Alan Walsh, Global Marketing Director at American Express’s ATM Commercial Team, will be among the keynote speakers at the Figaro Digital Marketing Conference in London on 17 July. We caught up with Alan for a preview of his presentation.

Hello Alan. Please give us a quick introduction to what you’ll be discussing at the Figaro Digital Marketing Conference.

‘Planning for Growth Through Location-based Information and Offers – The Global ATM Locator’ is the title. This is an enterprise-wide tool showing the location of the 1.2 million American Express-accepting ATMs worldwide. It’s a customer servicing tool which serves customers when they travel. It features enterprise use of a CMS and the tactics are designed to improve value.

Why are developments like this significant to marketers right now?

Time and convenience – people expect relevant data at their fingertips immediately, wherever they are. Using GPS, we know the card-member’s location and we can push an offer to them based on their location/time of day etc. Scalability and content reuse for a consistent experience are important.

We’re impatient!
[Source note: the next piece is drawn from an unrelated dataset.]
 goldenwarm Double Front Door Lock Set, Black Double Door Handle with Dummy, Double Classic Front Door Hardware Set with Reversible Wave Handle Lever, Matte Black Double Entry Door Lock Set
Can we have one key take-away from your presentation?

If you build it, they will come! Also, build once, for many. We built the platform and the infrastructure and proved they can work. Since showcasing it around the wider business it has generated lots of interest in how else it can be used. Changes and tweaks can be made relatively easily.

What’s the single biggest issue facing marketers in your sector at the moment?

Budget, which will always be the case. Showcasing a solid business case is hugely important and having buy-in from the right people is imperative in getting a project off the ground. Using the mantra ‘build once, for many’ helps strengthen the business case and confirm buy-in. Scalability is very important in our business so allowing for easy changes such as translation is important. You also need a mix of the correct expertise – business, marketing and technical. And you need to use those in an agile manner.

If we provided you with a magic wand that enabled you to make one change to the digital marketing landscape, what would it be?

More open sharing. There is so much information and data out there today. This will continue to grow, and if people can share best practices and even platforms or code, it helps keep costs down, strengthen the business case and appeal to customers’ needs. Google is a great example. Simply changing our maps from Bing to Google was widely received because it is so familiar and intuitive for people to use. If there is more sharing, and the digital landscape continues to focus on being more user-friendly and sharing best practices, that can only be a good thing.

Anything else you’d like to tell us?

Data is paramount – clean and accurate data. Throughout this project accurate data was always our number one priority. You can have the fanciest looking tool out there but if the data is wrong people won’t come back and use it again. That was one of our biggest issues, as we receive data from over 140 countries, in different languages, formats etc., so cleansing, standardising and geo-coding can be difficult.